Politics has unique inherent properties which should not be neglected when analysing the role of the political scientists today. Politics is often associated with, or expected to solve, the most sensitive problems in a society. Understandably, the word politics often has a negative connotation in the minds of people. Politicians are largely regarded as dishonest, hypocritical, and driven by self-interest. In addition, in every political system, there are certain ideological elements which are not necessarily rational or, in extreme cases, even subjected to any form of critical assessment. In this context, politics outside of academia is very much a matter of personal opinion and very little a subject of an informed (at least to the extent that this is possible) discussion. But why does this matter when it comes to political scientists?

There are two important consequences of the arguments presented before which explain: 1) why political scientists should, in fact, come out from their ‘Ivory Towers’ and start contributing to the solution of political science problems in the ‘real world’ (that is to say, engage in debates outside of the academic conferences and the peer-reviewed publications) and 2) why are they (or at least some of them) so reluctant to do so.

Firstly, the lack of informed discussions on important political science topics creates a number of serious problems including misperceptions, possibility for manipulation of the public opinion and, ultimately, results in politicians telling people what they want to hear. One could argue that electoral sanction is one mechanism to mitigate these problems. After all, if politicians promise more than what they can realistically accomplish, they have little chance of being re-elected. This is, however, a post-factum control mechanism which can only be put in place once every 3-4-5 years. One could easily see the need for on-going control over the actions of politicians. Clearly, one of the indispensable functions of the opposition in a democracy is to act as such an on-going control mechanism by scrutinizing the actions of those in power. But how can we really rely on the opposition, whose obvious goal is to win the next elections, to provide us with objective and impartial political analyses? The need for political science experts to guide the public debate is self-evident at this point and political scientists are arguably best suited to embark this role due to their extensive analytical and puzzle-solving abilities. After all, they spend their entire careers asking and answering research questions. But then, why are a large number of political scientists reluctant to step in and actively participate in the public debate?

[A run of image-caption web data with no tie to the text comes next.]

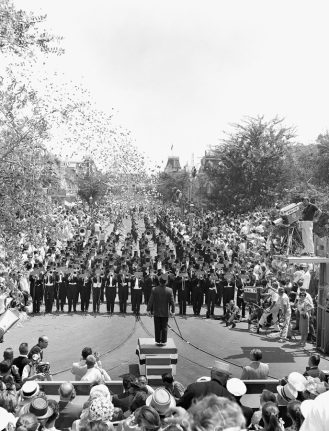 Photo of all-brass band marching down Main Street, U.S.A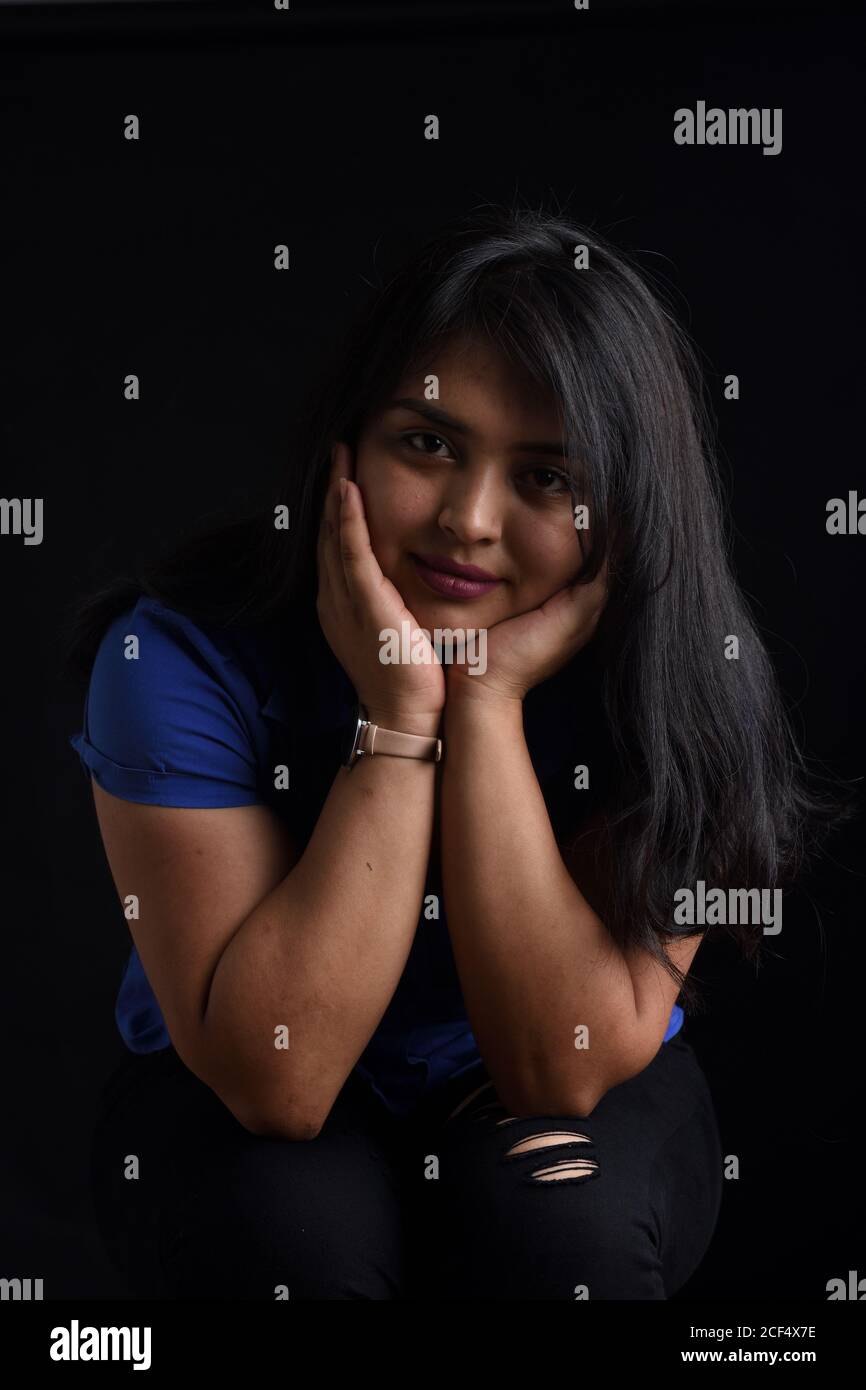 portrait of a latin woman sitting on chair and looking at camera on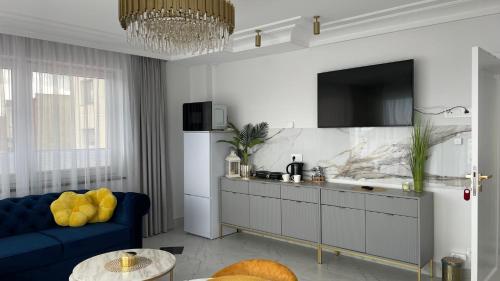 a living room with a blue couch and a tv at Ośrodek Wczasowy REWA in Rewa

Once again, the answer lies in the unique nature of politics. Analysing and explaining political events or phenomena which have already occurred is what political scientists normally do. In other words, the ‘why?’ question is often asked (along with the ‘how?’ and ‘what?’ questions) but only in a context where it can be answered with the evidence at hand. Framing the analysis in this manner is considered ‘the scientific way to go’ and deviating from this norm is tolerated rarely and only in the form of a single paragraph in the conclusion of the research article outlining the future ‘real world’ implications of the topic at hand. Given the fact that political scientists abide by these rules during their whole careers and build their reputation on the quality of their published work, it is understandable why they might prefer not to engage in prescriptions for or predictions of the future, especially when it comes to a topic as sensitive as politics.

In conclusion, both the reason why we need political scientists in our public debates and the reason why they appear to be missing from the public sphere link back to the unique properties of politics in our society.